Image-text web data
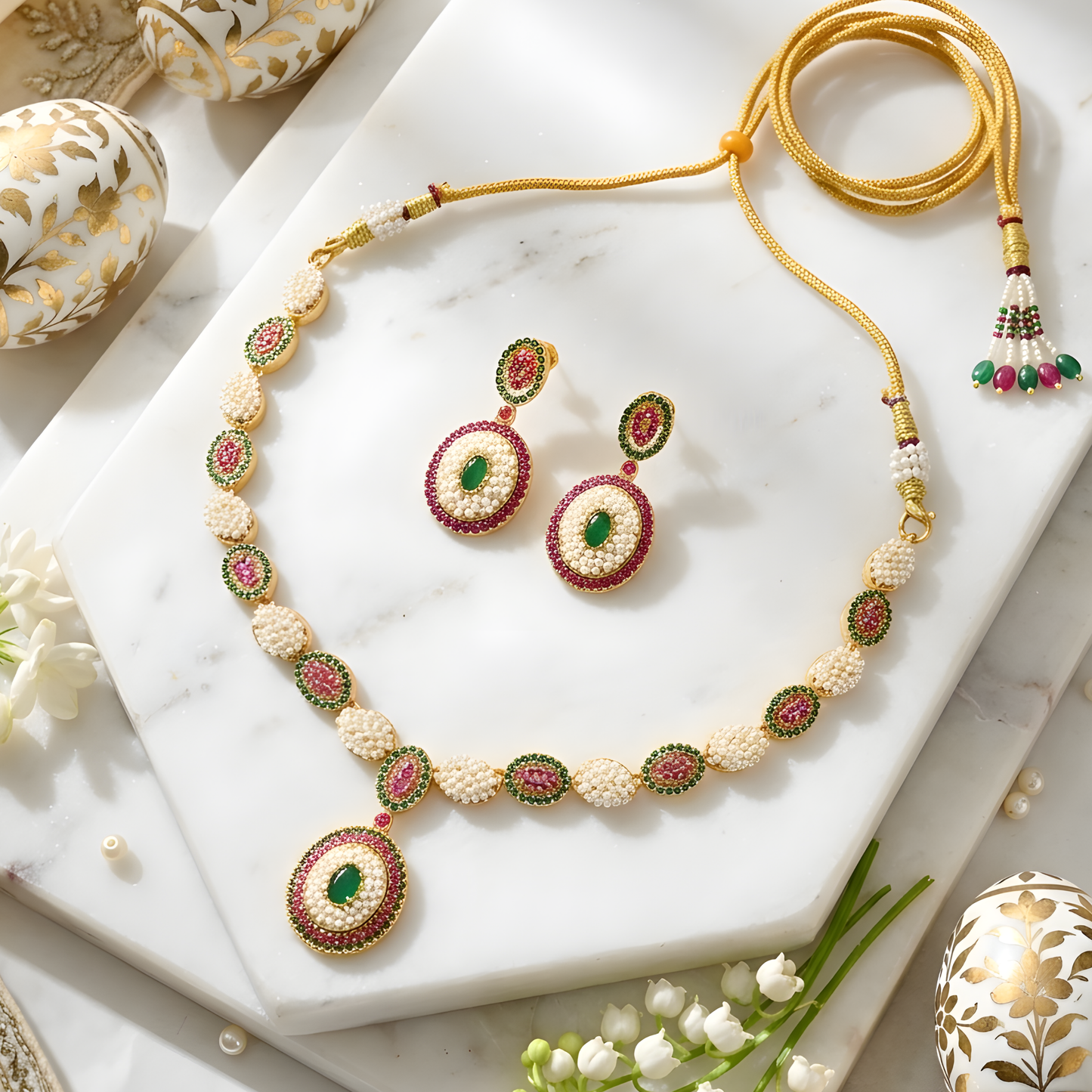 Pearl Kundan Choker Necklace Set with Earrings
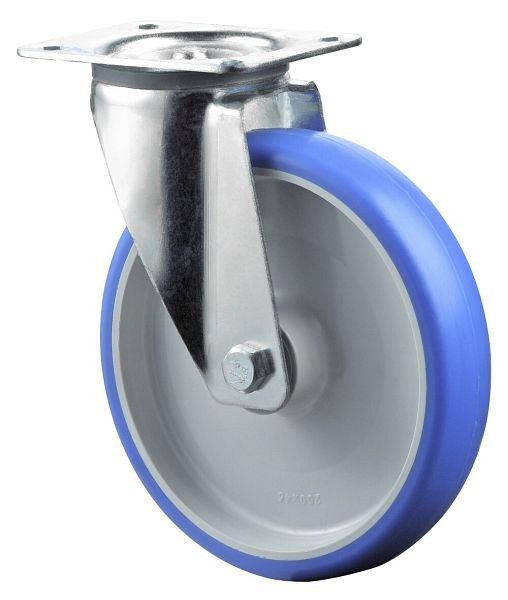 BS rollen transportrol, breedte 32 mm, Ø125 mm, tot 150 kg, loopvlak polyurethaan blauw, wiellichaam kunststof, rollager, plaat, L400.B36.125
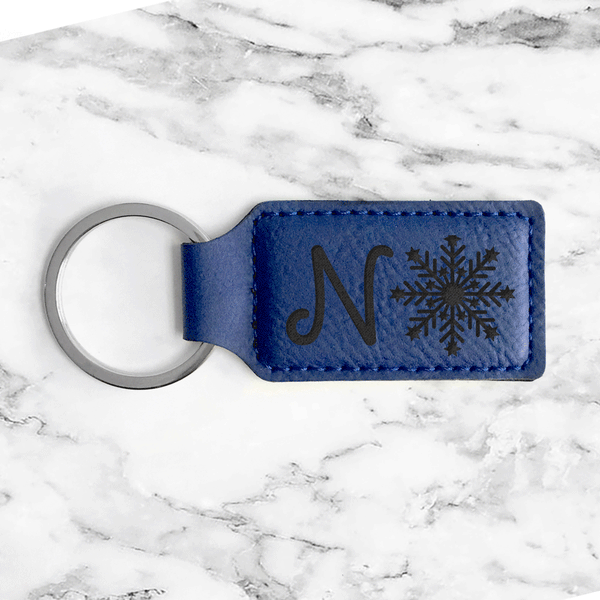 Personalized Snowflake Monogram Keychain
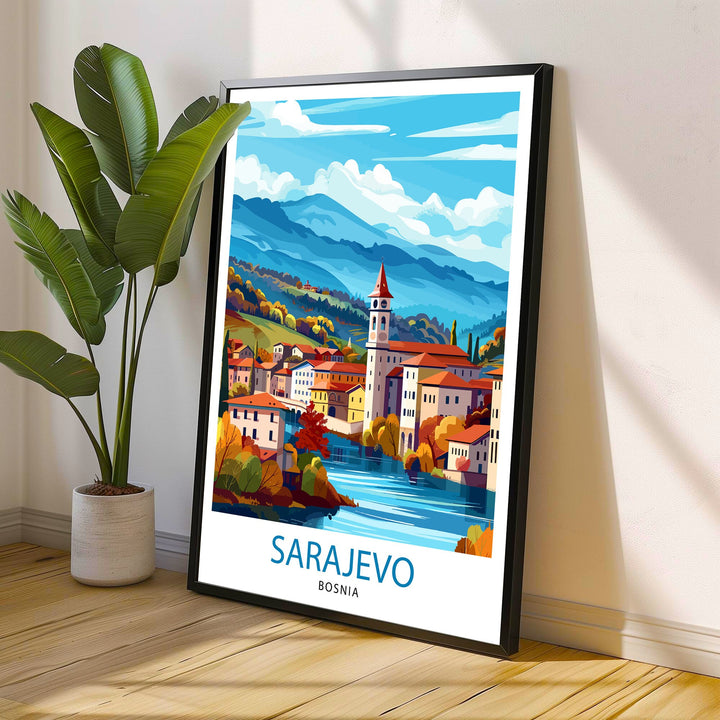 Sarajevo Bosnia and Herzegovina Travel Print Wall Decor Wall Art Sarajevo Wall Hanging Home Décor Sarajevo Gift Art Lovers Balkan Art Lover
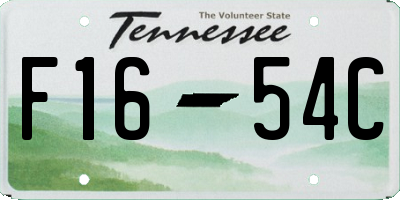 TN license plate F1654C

#### Exercise objective
Please copy out the entries above exactly as they appear, but skip their images.

#### Exercise solution
 Pearl Kundan Choker Necklace Set with Earrings
 BS rollen transportrol, breedte 32 mm, Ø125 mm, tot 150 kg, loopvlak polyurethaan blauw, wiellichaam kunststof, rollager, plaat, L400.B36.125
 Personalized Snowflake Monogram Keychain
 Sarajevo Bosnia and Herzegovina Travel Print Wall Decor Wall Art Sarajevo Wall Hanging Home Décor Sarajevo Gift Art Lovers Balkan Art Lover
 TN license plate F1654C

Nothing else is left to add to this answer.